▶ [Exercise requirements]:
Every record here needs to be written out again exactly.
BEGIN Given data
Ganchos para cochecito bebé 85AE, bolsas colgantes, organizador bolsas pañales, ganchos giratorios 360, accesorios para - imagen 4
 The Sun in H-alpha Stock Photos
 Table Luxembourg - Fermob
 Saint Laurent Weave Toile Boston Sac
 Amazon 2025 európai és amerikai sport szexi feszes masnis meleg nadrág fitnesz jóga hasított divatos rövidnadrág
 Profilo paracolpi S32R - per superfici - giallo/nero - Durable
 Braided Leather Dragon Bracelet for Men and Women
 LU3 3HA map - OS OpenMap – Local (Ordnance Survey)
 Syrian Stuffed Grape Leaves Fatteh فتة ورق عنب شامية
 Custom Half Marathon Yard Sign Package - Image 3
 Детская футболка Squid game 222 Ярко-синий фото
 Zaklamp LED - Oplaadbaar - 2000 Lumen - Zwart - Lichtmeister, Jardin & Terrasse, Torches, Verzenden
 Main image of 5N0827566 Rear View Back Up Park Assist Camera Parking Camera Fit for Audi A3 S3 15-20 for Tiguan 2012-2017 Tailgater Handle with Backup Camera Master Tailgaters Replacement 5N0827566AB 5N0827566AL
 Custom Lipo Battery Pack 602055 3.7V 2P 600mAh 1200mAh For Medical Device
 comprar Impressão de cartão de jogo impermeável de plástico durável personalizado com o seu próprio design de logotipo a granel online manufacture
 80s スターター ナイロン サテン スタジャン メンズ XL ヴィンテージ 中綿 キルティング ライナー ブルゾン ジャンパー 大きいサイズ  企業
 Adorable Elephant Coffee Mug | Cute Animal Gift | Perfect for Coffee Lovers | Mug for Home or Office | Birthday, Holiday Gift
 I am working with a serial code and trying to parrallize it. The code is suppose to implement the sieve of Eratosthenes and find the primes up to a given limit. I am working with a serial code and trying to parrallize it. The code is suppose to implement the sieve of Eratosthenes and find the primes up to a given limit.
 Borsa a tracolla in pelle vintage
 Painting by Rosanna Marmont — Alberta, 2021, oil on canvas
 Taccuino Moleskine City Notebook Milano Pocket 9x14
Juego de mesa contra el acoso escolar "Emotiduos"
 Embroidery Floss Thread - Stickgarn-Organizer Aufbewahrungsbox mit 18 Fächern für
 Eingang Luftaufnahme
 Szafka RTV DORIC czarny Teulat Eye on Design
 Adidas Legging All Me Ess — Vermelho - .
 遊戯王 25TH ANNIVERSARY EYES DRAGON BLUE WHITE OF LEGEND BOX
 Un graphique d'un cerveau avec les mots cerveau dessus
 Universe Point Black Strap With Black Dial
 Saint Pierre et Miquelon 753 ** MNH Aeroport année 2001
END Given data
▶ [Exercise result]:
Ganchos para cochecito bebé 85AE, bolsas colgantes, organizador bolsas pañales, ganchos giratorios 360, accesorios para - imagen 4
 The Sun in H-alpha Stock Photos
 Table Luxembourg - Fermob
 Saint Laurent Weave Toile Boston Sac
 Amazon 2025 európai és amerikai sport szexi feszes masnis meleg nadrág fitnesz jóga hasított divatos rövidnadrág
 Profilo paracolpi S32R - per superfici - giallo/nero - Durable
 Braided Leather Dragon Bracelet for Men and Women
 LU3 3HA map - OS OpenMap – Local (Ordnance Survey)
 Syrian Stuffed Grape Leaves Fatteh فتة ورق عنب شامية
 Custom Half Marathon Yard Sign Package - Image 3
 Детская футболка Squid game 222 Ярко-синий фото
 Zaklamp LED - Oplaadbaar - 2000 Lumen - Zwart - Lichtmeister, Jardin & Terrasse, Torches, Verzenden
 Main image of 5N0827566 Rear View Back Up Park Assist Camera Parking Camera Fit for Audi A3 S3 15-20 for Tiguan 2012-2017 Tailgater Handle with Backup Camera Master Tailgaters Replacement 5N0827566AB 5N0827566AL
 Custom Lipo Battery Pack 602055 3.7V 2P 600mAh 1200mAh For Medical Device
 comprar Impressão de cartão de jogo impermeável de plástico durável personalizado com o seu próprio design de logotipo a granel online manufacture
 80s スターター ナイロン サテン スタジャン メンズ XL ヴィンテージ 中綿 キルティング ライナー ブルゾン ジャンパー 大きいサイズ  企業
 Adorable Elephant Coffee Mug | Cute Animal Gift | Perfect for Coffee Lovers | Mug for Home or Office | Birthday, Holiday Gift
 I am working with a serial code and trying to parrallize it. The code is suppose to implement the sieve of Eratosthenes and find the primes up to a given limit. I am working with a serial code and trying to parrallize it. The code is suppose to implement the sieve of Eratosthenes and find the primes up to a given limit.
 Borsa a tracolla in pelle vintage
 Painting by Rosanna Marmont — Alberta, 2021, oil on canvas
 Taccuino Moleskine City Notebook Milano Pocket 9x14
Juego de mesa contra el acoso escolar "Emotiduos"
 Embroidery Floss Thread - Stickgarn-Organizer Aufbewahrungsbox mit 18 Fächern für
 Eingang Luftaufnahme
 Szafka RTV DORIC czarny Teulat Eye on Design
 Adidas Legging All Me Ess — Vermelho - .
 遊戯王 25TH ANNIVERSARY EYES DRAGON BLUE WHITE OF LEGEND BOX
 Un graphique d'un cerveau avec les mots cerveau dessus
 Universe Point Black Strap With Black Dial
 Saint Pierre et Miquelon 753 ** MNH Aeroport année 2001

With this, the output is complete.